The abundance of documents on that period in Ji’an can help to fill an important gap in the history of local society in China. Studies conducted in the Pearl River delta in Guangdong have demonstrated that a shift in village structure occurred in the middle years of the Ming dynasty, during which time lineage sacrifice in an ancestral hall came to be the focus of much village organisation. In contrast, in Putian, Fujian province, it was the territorial temple which remained the dominant village establishment. It is unlikely that the Pearl River delta Ming dynasty pattern had evolved from the Putian model of territorial temples. Current research, and my own brief experience in Ji’an, indicates that the Ji’an pattern was closer to the Pearl River delta’s, but lineages had evolved there from much earlier.

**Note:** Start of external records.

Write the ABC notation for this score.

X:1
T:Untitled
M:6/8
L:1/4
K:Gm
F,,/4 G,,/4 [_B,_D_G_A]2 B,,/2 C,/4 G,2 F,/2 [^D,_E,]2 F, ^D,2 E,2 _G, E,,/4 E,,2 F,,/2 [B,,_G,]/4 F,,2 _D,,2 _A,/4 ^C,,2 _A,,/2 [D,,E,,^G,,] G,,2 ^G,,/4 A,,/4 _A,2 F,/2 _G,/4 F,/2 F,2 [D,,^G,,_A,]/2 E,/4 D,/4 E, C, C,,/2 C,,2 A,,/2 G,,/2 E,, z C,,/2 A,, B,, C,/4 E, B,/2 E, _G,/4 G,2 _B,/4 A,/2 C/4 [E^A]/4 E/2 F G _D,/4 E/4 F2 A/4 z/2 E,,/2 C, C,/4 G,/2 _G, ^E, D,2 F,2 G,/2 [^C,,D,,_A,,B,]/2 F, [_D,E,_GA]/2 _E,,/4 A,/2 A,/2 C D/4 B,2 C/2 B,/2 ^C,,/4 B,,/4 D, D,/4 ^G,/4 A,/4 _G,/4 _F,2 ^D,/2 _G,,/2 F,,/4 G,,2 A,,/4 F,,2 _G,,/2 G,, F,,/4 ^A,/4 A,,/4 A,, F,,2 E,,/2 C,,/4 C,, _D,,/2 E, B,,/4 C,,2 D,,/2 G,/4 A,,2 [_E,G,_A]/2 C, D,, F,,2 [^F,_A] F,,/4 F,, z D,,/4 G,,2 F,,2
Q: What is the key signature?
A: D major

In other words, not only did local institutions change over time, but they did according to identifiable patterns. In order to trace the successive patterns of village organisation, this project proposes to
1. | locate villages in Ji’an in which during the Ming significant changes had been brought about in village organization, |
2. | to collect available data on all major institutions in the village (including but not necessarily restricted to schools, shrines, temples, and ancestral halls), |
3. | to collate documents available on the village institutions to compile chronologies of their development for individual villages; and |
4. | to compare the chronologies prepared for individual villages to reach generalisations that might apply to the entire Ji’an region. |
Previous research on the Ji’an region has concentrated on studying local institutions in isolation. This project is rooted firmly in the study of social institutions as they evolved, and will seek to explain how, through the Yuan and Ming periods, local society as a whole had changed. I hypothesize that the Ji’an documentation will demonstrate how the Pearl River delta’s emphasis on the lineage goes back to the Southern Song and Yuan, that the neo-Confucian efforts in building academies was more closely tied to ancestral sacrifice in designated halls in this area, unlike Putian, where state recognition of local temple cults gave the temples more prominence than the lineages.